The hearings follow a Rapport report that Eskom "bought" the Optimum coal mine for the Gupta family. The Gupta's Tegeta bought the company under controversial circumstances, but it has now been reported that another company, Pembani, initially wanted to purchase it and met more of the requirements for the purchase, but that deal was allegedly stopped by formed Eskom CEO, Brian Molefe.
A source close to the transaction told Rapport:
"There were two requirements to buy Optimum: the buyer had to provide proof that it had financing for the purchase price and that it had a contract to purchase the 4 million tons of coal that Optimum produces for the domestic market every year.
"Pembani had no problem with obtaining the financing, but couldn't get a contract with Eskom.
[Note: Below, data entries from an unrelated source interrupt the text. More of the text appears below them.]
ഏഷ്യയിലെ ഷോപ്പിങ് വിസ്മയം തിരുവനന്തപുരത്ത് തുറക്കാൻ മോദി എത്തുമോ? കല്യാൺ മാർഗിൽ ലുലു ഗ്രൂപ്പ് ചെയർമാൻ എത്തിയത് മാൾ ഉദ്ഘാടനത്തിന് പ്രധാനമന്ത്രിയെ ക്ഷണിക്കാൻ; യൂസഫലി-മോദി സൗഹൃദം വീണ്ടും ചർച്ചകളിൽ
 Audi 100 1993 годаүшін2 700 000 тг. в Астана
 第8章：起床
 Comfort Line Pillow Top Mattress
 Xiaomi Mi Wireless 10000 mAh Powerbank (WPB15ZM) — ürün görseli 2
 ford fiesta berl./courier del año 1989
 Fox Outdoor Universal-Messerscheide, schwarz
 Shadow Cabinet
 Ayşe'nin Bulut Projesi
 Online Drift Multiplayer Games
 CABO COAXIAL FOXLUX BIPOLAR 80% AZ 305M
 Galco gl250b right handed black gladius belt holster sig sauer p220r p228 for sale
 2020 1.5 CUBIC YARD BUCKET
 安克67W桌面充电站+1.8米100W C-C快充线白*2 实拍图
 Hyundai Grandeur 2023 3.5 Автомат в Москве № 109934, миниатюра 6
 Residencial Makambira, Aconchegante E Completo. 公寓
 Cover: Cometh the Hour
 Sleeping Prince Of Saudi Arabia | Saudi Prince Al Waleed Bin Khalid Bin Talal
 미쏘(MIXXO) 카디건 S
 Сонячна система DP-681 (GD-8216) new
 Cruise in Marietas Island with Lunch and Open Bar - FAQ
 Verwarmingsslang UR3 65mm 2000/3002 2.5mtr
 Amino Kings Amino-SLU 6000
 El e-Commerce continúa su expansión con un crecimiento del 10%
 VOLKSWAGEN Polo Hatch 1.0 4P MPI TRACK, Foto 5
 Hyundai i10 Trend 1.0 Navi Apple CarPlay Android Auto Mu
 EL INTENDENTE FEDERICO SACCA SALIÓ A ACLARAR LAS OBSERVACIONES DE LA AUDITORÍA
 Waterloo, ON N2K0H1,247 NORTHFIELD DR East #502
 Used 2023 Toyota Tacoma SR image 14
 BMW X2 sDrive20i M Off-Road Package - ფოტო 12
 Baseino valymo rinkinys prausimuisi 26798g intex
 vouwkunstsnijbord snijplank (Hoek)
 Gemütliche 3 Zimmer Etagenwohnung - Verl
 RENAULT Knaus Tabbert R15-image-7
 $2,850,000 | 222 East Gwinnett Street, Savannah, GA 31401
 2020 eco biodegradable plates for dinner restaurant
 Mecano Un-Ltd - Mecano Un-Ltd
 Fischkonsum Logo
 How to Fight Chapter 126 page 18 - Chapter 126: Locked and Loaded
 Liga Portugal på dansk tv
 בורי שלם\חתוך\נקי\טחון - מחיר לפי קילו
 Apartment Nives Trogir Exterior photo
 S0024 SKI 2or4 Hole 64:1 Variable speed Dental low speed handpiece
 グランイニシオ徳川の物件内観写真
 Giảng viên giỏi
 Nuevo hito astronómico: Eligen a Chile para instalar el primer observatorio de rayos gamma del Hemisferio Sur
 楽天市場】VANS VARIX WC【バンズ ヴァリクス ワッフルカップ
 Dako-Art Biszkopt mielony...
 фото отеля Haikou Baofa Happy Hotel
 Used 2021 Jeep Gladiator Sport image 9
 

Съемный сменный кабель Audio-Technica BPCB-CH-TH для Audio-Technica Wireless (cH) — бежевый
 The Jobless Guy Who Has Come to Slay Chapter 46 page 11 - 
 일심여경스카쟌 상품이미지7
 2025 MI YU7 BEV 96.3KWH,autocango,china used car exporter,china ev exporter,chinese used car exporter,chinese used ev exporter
They only had one meeting with Eskom, but Molefe himself told Pembani at the meeting held in December 2015 that Eskom would not conclude a contract with them."
The Cape Times reported that Monday's hearings would begin with testimony from the South African Council of Churches and the State Research capacity Project, which had released reports into state capture.
The committee has also reportedly sent letters to President Jacob Zuma's son, Duduzane and the Guptas summoning them to appear before it.
Last week, Eskom revealed its financial statements which showed that the power utility made a loss of R870 million. Nevertheless, its employees were reportedly given performance bonuses of nearly R90 000 each, News24 reported.
At a press conference, Eskom's CEO Anoj Singh insisted that Eskom had made a profit of R888 million, but it turned out that this was actually made by the Eskom Group, which includes other profitable companies besides the power utility.